GearmaNode icon indicating copy to clipboard operation
GearmaNode copied to clipboard

Retry connection to gearmand server when connection lost

Open recunius opened this issue 9 years ago • 6 comments

When losing a connection to the Gearman server currently GearmaNode does not have an option to reestablish the connection.

I thought of implementing such a solution outside of GearmanNode (for a worker), but that would be difficult when load balancing between multiple servers. The only straightforward option would be to discard the Worker instance and create a new one, but in doing so either the old worker would remain connected to the other server(s) which remained up, or the old Worker could be closed in which case there would be a time without a Worker connection to any server.

So would you be open to including an optional connection retry mechanism inside of GearmaNode?
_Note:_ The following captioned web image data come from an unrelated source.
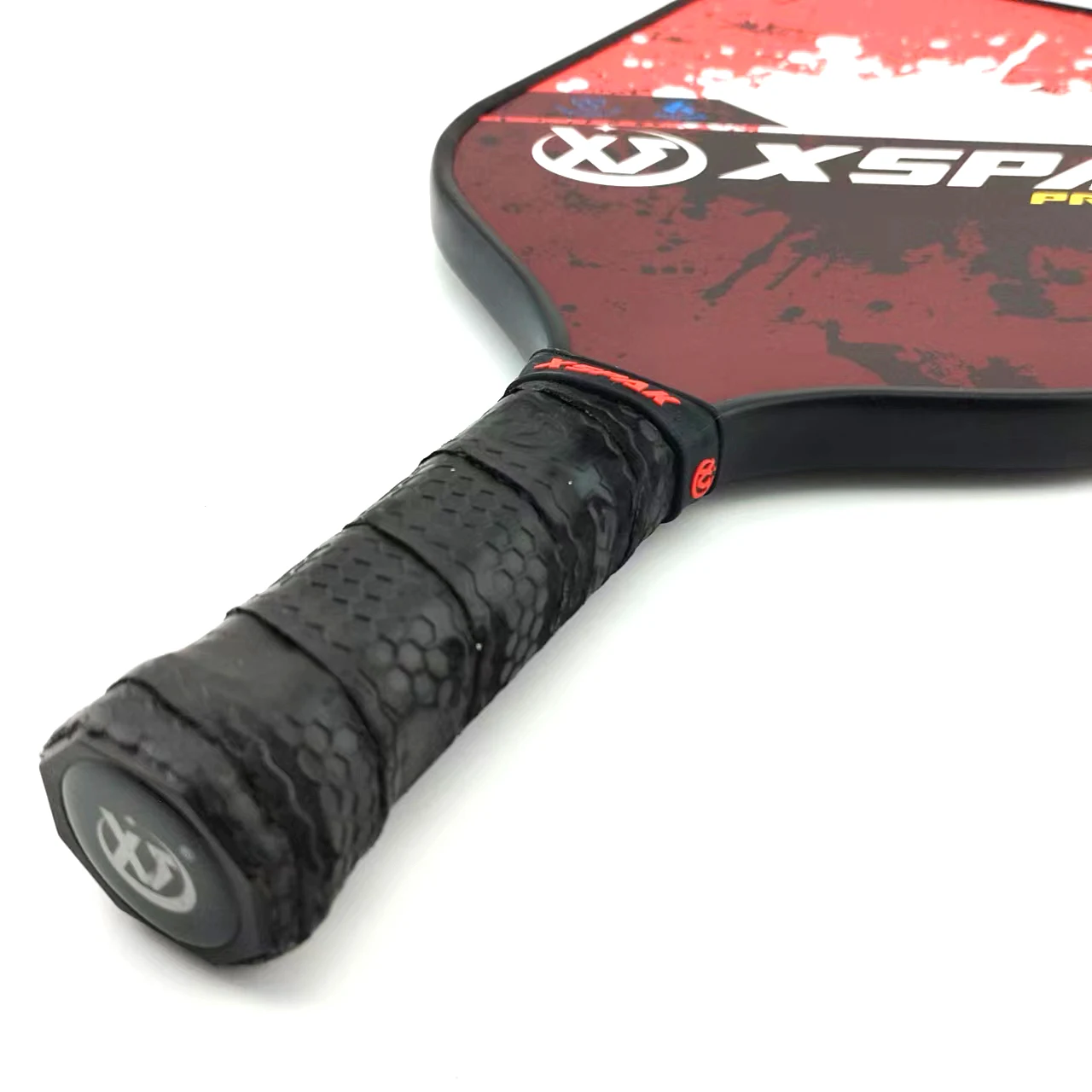 White Best Outdoor Pickleball Racket Carbon Fiber Honeycomb Filling Pickleball Paddle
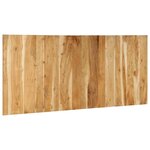 vidaXL Tête de lit 180 cm bois massif d'acacia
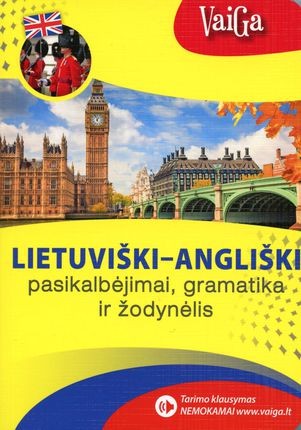 Lietuviški - angliški pasikalbėjimai ir gramatika,  žodynėlis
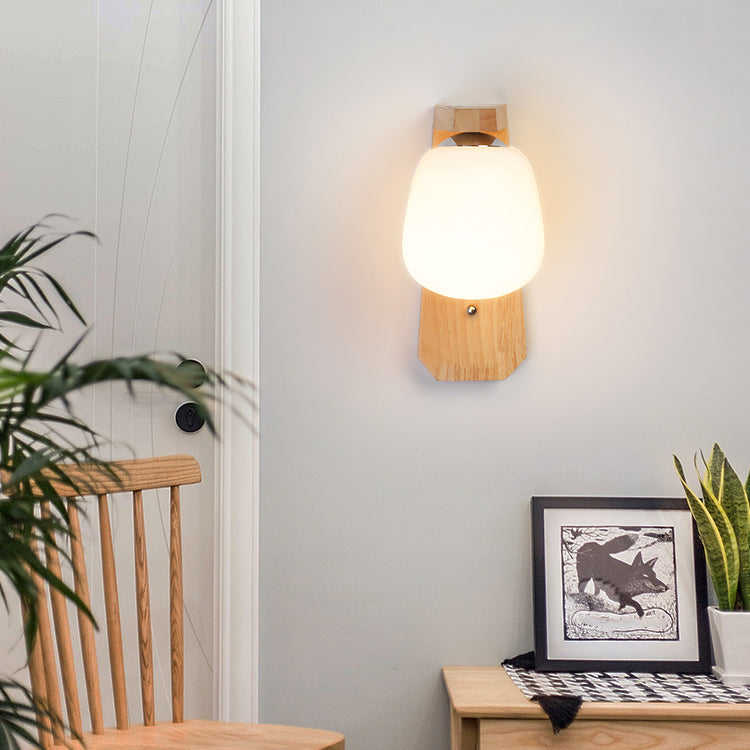Éclairage mural ombré Simplicité Style Wood Beige Sconce Lightture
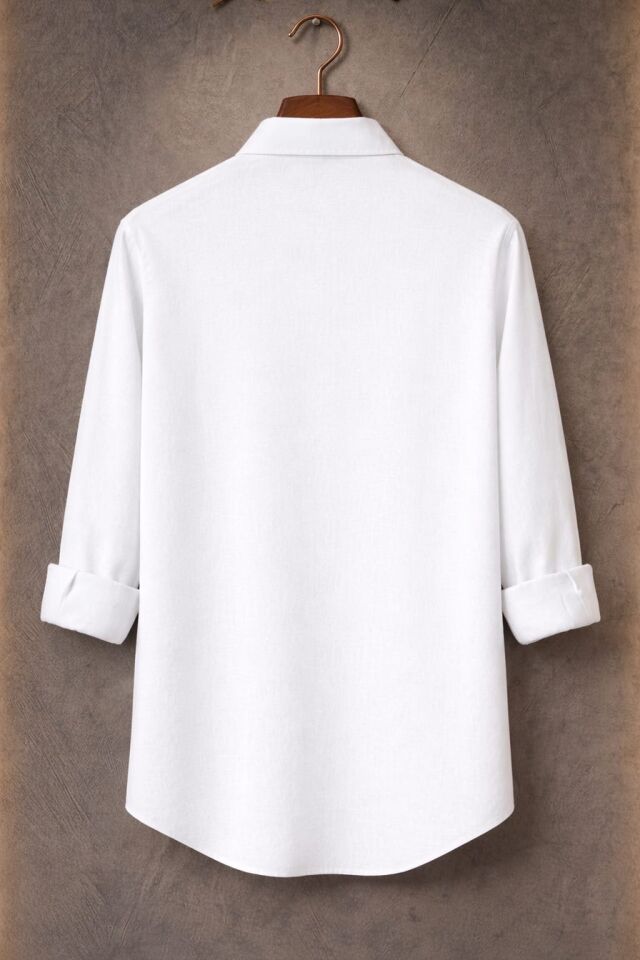 % 100 PAMUK KETEN, NEFES ALAN, HAFİF DOKULU,DÜĞMELİ YAKA,ERKEK KETEN GÖMLEK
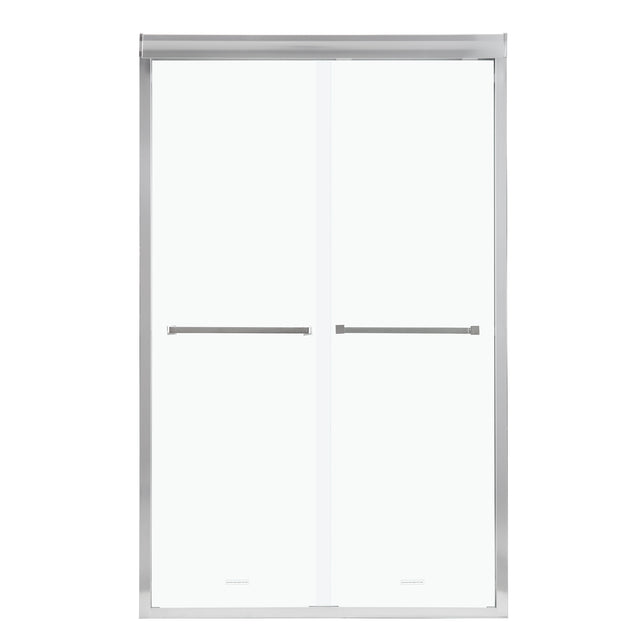 Shower Door 48" W x 76"H Semi-Frameless Bypass Sliding Shower Enclosure, Chrome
I haven't thought much about the client connections, but for the worker connections I think all that would be needed is to

  1. listen to 'socketDisconnect'
  2. retry connecting with options for interval and retryCount
  3. once connected add the server back into the JobManager jobServer list
  4. re-register all known worker functions in Worker.functions

I could give it a shot, but does such a plan make sense or is anyone aware of a work around or pitfalls to consider first?

recunius avatar Mar 18 '15 19:03 recunius

@veny @recunius I'm also facing the same issue. Any updates on this?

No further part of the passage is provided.